Ok I shall post the gay one first and tomorrow I shall post some of the sexy ones.


Anyway this place is East Coast Choppers and is right opposite the Hanuman statue in Jomtien, about 300 meters before you get to Jomtien Beach.


Now the price of these things you could buy quite a nice car, but I suppose it's a cult thing where people just have to own or rent a Harley, the owner of the place loves his bikes so much that even the showroom is airconned to keep the bikes cool.

Anyway rates start at about 2,900baht perday with insurance etc, or you can just buy one.

Harley Rentals here

Harley Davidson Rental
East Coast Choppers (Thailand) Co. Ltd.
315 / 168 Thappraya Rd. Moo 12
Pattaya - Thailand

----------


## MeMock

2,900 baht a day  :Surprised:

----------


## peterpan

> Ok I shall post the gay one first and tomorrow I shall post some of the sexy ones.
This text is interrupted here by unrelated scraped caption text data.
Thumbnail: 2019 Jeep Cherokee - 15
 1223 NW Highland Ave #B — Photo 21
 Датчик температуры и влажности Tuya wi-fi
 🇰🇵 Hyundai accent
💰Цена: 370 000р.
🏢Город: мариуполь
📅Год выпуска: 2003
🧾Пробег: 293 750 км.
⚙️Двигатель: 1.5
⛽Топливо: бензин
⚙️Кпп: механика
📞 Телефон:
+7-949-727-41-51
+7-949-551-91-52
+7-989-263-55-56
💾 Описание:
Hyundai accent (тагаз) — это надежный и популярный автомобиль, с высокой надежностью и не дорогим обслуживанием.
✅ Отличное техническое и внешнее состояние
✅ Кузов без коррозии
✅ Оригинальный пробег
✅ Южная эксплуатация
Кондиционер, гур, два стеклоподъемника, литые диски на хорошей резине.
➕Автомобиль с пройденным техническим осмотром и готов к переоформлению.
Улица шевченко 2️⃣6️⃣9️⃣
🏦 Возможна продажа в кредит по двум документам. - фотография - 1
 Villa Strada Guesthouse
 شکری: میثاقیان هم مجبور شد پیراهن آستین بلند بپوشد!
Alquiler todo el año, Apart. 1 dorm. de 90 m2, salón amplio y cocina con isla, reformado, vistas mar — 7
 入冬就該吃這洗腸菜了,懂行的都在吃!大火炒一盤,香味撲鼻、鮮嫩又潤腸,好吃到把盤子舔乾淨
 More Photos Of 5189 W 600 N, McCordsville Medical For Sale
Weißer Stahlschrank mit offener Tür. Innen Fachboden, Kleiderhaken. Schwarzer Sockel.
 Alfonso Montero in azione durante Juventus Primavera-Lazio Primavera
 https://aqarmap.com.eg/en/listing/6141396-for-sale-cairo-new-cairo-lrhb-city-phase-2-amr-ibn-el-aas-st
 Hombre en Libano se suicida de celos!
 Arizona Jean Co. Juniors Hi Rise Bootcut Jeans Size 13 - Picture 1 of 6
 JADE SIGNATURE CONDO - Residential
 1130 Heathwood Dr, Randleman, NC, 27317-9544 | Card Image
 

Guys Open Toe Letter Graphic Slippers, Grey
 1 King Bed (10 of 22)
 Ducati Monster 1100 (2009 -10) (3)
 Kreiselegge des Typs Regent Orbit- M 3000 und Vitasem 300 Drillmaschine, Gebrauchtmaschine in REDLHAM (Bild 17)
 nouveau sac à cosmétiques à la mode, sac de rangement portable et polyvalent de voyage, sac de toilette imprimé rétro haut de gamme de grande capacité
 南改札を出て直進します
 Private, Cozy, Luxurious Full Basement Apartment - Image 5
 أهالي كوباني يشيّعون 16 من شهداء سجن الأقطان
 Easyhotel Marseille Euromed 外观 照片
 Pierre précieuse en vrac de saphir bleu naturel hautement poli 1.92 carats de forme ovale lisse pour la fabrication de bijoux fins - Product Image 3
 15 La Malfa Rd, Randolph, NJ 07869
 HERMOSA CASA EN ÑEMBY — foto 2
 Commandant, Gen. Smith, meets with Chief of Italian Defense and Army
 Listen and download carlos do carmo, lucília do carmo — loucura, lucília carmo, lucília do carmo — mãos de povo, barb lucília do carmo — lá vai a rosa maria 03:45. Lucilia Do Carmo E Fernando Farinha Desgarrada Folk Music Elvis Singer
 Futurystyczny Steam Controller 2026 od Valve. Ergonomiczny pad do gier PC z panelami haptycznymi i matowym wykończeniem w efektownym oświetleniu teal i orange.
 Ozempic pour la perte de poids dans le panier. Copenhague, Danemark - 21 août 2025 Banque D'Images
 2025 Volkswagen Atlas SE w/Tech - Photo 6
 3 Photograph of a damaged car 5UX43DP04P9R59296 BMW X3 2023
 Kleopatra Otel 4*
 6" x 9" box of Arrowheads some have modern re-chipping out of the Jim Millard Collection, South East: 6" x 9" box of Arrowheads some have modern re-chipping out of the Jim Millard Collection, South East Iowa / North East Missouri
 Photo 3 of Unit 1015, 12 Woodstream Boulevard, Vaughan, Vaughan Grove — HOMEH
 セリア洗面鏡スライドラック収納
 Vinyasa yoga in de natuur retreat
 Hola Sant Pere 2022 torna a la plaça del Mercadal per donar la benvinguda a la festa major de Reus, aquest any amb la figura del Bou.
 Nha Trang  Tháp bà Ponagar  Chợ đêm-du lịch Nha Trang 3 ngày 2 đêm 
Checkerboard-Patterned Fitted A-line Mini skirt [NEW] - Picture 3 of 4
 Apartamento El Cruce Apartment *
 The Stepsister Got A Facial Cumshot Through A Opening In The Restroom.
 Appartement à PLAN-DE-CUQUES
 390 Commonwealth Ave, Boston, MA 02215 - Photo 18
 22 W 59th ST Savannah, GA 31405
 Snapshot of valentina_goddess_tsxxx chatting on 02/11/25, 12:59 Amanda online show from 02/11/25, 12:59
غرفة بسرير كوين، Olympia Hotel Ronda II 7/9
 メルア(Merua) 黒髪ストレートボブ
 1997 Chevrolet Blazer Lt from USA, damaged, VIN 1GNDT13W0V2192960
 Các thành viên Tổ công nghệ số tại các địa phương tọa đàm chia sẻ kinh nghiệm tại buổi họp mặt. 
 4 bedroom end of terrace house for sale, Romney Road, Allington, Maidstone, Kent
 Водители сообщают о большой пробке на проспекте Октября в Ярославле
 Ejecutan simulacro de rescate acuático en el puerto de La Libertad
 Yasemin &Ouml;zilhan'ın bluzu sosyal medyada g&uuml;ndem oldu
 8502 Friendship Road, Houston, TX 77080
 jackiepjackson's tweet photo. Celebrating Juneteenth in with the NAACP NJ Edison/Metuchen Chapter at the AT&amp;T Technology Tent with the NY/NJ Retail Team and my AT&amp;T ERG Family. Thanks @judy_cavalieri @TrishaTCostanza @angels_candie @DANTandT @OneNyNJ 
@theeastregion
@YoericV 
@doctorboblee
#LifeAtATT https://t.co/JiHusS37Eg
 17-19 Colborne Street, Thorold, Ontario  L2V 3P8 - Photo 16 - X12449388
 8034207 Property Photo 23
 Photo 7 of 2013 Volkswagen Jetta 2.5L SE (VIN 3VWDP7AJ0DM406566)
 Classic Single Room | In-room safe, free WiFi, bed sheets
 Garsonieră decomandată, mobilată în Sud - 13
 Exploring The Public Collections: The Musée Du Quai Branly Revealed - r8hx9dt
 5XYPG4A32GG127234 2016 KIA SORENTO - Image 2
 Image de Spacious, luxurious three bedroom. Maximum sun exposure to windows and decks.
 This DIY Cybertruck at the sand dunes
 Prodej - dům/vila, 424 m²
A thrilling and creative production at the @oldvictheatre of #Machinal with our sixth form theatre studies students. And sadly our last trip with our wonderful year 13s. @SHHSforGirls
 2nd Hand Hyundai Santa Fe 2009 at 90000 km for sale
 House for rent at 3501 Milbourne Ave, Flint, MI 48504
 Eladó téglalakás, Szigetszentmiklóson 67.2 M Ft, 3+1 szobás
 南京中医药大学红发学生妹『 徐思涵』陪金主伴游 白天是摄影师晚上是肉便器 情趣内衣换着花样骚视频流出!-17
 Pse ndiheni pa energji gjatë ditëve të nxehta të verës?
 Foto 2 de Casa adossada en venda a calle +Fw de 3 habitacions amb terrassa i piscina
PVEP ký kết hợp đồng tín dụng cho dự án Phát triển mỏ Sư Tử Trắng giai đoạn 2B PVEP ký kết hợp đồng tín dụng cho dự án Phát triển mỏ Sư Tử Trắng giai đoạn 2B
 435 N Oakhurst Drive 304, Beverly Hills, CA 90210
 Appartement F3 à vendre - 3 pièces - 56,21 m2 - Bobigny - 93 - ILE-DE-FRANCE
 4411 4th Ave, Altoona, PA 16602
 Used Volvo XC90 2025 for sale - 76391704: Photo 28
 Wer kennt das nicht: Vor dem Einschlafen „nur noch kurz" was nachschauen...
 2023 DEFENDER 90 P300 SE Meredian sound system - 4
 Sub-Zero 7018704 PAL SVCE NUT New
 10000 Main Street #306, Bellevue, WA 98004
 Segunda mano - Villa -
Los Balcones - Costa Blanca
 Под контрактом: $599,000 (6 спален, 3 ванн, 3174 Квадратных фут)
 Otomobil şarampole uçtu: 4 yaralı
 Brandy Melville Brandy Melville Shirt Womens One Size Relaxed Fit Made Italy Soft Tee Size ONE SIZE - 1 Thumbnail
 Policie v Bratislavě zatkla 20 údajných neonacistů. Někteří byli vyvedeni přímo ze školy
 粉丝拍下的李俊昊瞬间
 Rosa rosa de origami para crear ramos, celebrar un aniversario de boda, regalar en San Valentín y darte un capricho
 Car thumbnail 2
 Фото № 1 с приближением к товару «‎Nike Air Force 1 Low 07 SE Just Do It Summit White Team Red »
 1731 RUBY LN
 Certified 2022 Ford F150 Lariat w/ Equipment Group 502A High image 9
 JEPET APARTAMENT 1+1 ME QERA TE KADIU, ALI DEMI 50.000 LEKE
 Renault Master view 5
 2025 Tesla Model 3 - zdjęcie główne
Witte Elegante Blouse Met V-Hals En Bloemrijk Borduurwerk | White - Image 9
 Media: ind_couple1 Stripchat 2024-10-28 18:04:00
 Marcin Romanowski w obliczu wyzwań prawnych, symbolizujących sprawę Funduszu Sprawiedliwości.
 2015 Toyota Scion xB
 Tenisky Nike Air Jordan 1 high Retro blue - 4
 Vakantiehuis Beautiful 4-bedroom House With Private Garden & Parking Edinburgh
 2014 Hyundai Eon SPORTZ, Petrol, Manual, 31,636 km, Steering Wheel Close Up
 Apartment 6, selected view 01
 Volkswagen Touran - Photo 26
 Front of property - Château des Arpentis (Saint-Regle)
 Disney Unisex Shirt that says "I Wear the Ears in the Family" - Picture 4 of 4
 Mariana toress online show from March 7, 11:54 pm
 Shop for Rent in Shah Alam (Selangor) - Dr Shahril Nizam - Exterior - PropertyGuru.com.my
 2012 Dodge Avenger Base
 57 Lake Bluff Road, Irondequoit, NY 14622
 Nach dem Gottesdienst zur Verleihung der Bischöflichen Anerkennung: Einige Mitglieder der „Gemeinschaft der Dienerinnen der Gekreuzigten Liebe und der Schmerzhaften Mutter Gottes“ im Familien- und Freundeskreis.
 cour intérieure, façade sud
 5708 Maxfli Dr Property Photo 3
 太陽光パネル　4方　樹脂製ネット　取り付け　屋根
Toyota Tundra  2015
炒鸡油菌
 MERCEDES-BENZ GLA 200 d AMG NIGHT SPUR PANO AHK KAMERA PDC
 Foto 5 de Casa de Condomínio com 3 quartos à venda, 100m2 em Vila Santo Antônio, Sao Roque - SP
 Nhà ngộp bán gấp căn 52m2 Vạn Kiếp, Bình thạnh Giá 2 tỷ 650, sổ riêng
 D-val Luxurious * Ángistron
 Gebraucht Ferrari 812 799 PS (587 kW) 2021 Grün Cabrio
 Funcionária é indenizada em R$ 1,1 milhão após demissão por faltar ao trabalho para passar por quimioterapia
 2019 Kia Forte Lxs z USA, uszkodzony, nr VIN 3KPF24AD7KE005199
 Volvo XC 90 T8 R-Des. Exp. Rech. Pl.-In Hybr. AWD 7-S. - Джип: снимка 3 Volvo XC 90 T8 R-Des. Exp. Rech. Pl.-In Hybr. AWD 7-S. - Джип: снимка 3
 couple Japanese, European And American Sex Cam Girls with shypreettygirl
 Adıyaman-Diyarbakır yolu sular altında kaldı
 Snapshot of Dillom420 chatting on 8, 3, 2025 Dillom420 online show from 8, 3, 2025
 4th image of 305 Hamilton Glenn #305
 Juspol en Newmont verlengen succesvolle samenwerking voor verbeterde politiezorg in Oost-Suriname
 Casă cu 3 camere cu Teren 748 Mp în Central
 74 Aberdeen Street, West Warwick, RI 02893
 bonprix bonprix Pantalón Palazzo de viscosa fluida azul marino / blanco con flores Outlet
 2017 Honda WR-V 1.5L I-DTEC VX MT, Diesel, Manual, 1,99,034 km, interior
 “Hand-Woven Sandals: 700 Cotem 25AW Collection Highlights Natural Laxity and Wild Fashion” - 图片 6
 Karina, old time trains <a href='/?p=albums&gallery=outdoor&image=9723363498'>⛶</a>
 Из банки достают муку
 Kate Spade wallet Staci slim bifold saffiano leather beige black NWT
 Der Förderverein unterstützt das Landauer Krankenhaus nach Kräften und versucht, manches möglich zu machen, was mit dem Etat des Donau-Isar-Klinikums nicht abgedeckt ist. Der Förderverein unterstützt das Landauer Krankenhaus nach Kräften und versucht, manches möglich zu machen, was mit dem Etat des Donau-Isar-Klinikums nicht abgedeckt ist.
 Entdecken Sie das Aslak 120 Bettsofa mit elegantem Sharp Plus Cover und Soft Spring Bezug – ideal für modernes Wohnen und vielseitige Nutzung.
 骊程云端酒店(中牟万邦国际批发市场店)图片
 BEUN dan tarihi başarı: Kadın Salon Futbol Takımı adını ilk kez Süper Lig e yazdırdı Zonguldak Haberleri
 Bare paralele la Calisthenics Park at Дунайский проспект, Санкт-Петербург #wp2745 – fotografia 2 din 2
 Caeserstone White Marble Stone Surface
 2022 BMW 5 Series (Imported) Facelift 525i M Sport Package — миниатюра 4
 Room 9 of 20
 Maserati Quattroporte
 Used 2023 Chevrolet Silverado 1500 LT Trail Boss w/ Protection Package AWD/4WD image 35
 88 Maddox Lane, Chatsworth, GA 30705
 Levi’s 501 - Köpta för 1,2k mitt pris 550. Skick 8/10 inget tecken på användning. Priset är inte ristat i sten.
 What do you mean ? start with the gay one, They are ALL fvcking gay, why else would you ride one of these slow, heavy, poove bikes ?

----------


## Rigger

Settle down grandad dont want you having a heart attack and falling out your wheel chair  :Smile:

----------


## peterpan

I'm settled Rig, sitting here with a nice expresso and listening to Led Zep (gotta whole lot of lovin) at just below pain level volume. 

Lucky for me BG dosen't live here, he would complain about his ignorant neigbours. :rofl:

----------


## ChiangMai noon

Come on Peter, there aint nothing gay about a harley or a harley rider.
real men drink budweiser.

----------


## peterpan

Drinking Bud is like making love in a canoe, Fvcking close to water.

----------


## YellowTrip

Proper Queer Boyz will be flocking to rent these.

----------


## Rigger

> Proper Queer Boyz will be flocking to rent these.


Make sure you post a report after you have rented yours so the other fags can read all about it

----------


## Fast Eddie

When i have visited Pattaya in the past i have noticed a number of foreigners renting out such motorbikes and cruising round and round the same small area of the city.

I'm guessing that a guy who rents one of these and cruises slowly around in front of all the bars must think that he looks like he's the man, and that all the pros will be well impressed. He's not, and i'm sure their not. They're probably thinking 'what a complete dick, but lets massage his already inflated ego by calling out to him and hopefully he'll come and spend his money'.

I mean, if you've got a journey to do and you want to do it on a nice motorbike in comfort, then maybe that's fair enough. But to just cruise around a small area of the city streets that you could probably walk more or less as easy, it just looks fucking lame.

On the occasions i have seen this combined with other fashion faux pas, such as bandanas and chunky gold jewelry, it really is a laughable and mesmerising sight to behold.

----------


## Rigger

Whats that thing on the back next to where their boyfriend would sit ?
Spot light

----------


## peterpan

Yea, well its what ever floats ya boat innt it ?
I think they look like clowns as well, but they look at me with a race bike on my pickup and think, what does that old wanker think he's doing? he's probably too old to get his leg over let alone his knee down :Smile: .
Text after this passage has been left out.